GOAL OF THE EXERCISE
Transcribe only the lines of the listing below from the one holding "3766 Colonial Cove, Hope Mills, NC 28348" through the one holding "trinidad stacking chair", inclusive, without any change.

(Beginning of SUPPLIED DATA)

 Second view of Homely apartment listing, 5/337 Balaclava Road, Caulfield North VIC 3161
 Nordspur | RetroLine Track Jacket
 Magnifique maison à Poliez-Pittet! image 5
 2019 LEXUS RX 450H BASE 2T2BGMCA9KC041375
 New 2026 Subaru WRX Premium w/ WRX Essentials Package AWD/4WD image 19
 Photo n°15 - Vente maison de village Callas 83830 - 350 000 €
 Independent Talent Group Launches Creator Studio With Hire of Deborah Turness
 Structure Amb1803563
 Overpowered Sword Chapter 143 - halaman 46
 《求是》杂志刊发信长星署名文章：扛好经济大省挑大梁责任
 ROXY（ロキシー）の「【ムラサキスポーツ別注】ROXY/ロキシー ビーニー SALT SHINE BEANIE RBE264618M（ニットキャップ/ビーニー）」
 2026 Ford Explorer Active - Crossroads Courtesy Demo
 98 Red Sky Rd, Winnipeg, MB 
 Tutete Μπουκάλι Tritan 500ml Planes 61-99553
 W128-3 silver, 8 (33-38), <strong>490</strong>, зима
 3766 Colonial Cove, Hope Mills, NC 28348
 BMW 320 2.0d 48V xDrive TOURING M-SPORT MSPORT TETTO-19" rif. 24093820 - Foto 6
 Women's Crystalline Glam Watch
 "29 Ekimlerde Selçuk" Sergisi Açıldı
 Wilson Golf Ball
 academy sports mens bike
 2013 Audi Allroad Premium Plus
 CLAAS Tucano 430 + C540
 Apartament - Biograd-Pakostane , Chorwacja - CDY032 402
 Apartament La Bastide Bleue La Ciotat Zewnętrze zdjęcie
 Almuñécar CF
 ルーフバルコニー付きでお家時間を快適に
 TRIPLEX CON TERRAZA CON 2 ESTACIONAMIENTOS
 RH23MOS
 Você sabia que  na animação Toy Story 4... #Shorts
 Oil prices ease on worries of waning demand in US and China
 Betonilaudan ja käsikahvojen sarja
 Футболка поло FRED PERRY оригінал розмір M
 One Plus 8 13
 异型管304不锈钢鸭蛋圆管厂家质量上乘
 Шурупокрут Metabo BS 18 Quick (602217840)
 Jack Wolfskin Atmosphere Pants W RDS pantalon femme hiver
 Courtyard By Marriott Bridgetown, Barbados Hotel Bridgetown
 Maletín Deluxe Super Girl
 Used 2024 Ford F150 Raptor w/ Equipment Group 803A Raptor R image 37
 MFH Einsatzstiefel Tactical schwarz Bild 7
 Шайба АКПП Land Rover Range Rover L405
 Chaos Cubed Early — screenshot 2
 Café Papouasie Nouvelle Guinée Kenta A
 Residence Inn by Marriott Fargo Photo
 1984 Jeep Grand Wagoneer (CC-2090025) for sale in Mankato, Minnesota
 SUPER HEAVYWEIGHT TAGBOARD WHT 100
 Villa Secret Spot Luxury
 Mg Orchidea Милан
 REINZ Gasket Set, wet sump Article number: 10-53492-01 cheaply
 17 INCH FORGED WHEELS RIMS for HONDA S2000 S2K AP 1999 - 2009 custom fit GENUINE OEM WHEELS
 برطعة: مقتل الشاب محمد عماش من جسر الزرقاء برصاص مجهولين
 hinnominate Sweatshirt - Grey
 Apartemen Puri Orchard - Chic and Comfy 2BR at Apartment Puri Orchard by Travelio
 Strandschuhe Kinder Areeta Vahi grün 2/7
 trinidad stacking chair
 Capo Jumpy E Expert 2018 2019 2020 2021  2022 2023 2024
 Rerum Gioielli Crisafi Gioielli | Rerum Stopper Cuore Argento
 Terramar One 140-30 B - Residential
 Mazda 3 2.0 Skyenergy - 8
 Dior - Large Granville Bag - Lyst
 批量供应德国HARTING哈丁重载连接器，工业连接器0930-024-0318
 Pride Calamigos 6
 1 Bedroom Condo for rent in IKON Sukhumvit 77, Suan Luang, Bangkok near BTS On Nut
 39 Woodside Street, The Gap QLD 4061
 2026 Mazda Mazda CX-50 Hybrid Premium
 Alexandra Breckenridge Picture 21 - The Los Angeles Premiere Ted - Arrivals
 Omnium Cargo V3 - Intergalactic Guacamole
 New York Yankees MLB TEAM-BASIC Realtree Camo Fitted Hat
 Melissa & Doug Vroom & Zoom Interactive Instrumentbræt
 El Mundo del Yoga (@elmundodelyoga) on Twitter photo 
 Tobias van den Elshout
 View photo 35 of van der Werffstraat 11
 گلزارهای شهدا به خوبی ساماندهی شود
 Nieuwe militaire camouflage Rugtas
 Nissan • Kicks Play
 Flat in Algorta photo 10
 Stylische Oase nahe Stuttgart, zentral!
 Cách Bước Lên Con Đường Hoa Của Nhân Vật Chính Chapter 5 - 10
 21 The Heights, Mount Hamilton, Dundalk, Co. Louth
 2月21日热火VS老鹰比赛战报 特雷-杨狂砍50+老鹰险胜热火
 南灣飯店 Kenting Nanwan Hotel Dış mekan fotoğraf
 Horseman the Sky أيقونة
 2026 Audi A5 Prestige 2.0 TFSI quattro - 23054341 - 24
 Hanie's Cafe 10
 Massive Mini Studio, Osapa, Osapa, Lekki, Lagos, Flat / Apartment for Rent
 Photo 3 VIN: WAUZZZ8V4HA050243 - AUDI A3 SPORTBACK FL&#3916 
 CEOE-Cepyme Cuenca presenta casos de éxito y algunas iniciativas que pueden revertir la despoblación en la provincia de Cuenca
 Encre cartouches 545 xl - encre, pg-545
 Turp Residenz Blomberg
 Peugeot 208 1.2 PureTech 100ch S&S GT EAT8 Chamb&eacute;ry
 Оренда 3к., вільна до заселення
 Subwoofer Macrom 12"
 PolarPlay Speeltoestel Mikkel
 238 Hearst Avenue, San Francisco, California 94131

(End of SUPPLIED DATA)

RESPONSE
 3766 Colonial Cove, Hope Mills, NC 28348
 BMW 320 2.0d 48V xDrive TOURING M-SPORT MSPORT TETTO-19" rif. 24093820 - Foto 6
 Women's Crystalline Glam Watch
 "29 Ekimlerde Selçuk" Sergisi Açıldı
 Wilson Golf Ball
 academy sports mens bike
 2013 Audi Allroad Premium Plus
 CLAAS Tucano 430 + C540
 Apartament - Biograd-Pakostane , Chorwacja - CDY032 402
 Apartament La Bastide Bleue La Ciotat Zewnętrze zdjęcie
 Almuñécar CF
 ルーフバルコニー付きでお家時間を快適に
 TRIPLEX CON TERRAZA CON 2 ESTACIONAMIENTOS
 RH23MOS
 Você sabia que  na animação Toy Story 4... #Shorts
 Oil prices ease on worries of waning demand in US and China
 Betonilaudan ja käsikahvojen sarja
 Футболка поло FRED PERRY оригінал розмір M
 One Plus 8 13
 异型管304不锈钢鸭蛋圆管厂家质量上乘
 Шурупокрут Metabo BS 18 Quick (602217840)
 Jack Wolfskin Atmosphere Pants W RDS pantalon femme hiver
 Courtyard By Marriott Bridgetown, Barbados Hotel Bridgetown
 Maletín Deluxe Super Girl
 Used 2024 Ford F150 Raptor w/ Equipment Group 803A Raptor R image 37
 MFH Einsatzstiefel Tactical schwarz Bild 7
 Шайба АКПП Land Rover Range Rover L405
 Chaos Cubed Early — screenshot 2
 Café Papouasie Nouvelle Guinée Kenta A
 Residence Inn by Marriott Fargo Photo
 1984 Jeep Grand Wagoneer (CC-2090025) for sale in Mankato, Minnesota
 SUPER HEAVYWEIGHT TAGBOARD WHT 100
 Villa Secret Spot Luxury
 Mg Orchidea Милан
 REINZ Gasket Set, wet sump Article number: 10-53492-01 cheaply
 17 INCH FORGED WHEELS RIMS for HONDA S2000 S2K AP 1999 - 2009 custom fit GENUINE OEM WHEELS
 برطعة: مقتل الشاب محمد عماش من جسر الزرقاء برصاص مجهولين
 hinnominate Sweatshirt - Grey
 Apartemen Puri Orchard - Chic and Comfy 2BR at Apartment Puri Orchard by Travelio
 Strandschuhe Kinder Areeta Vahi grün 2/7
 trinidad stacking chair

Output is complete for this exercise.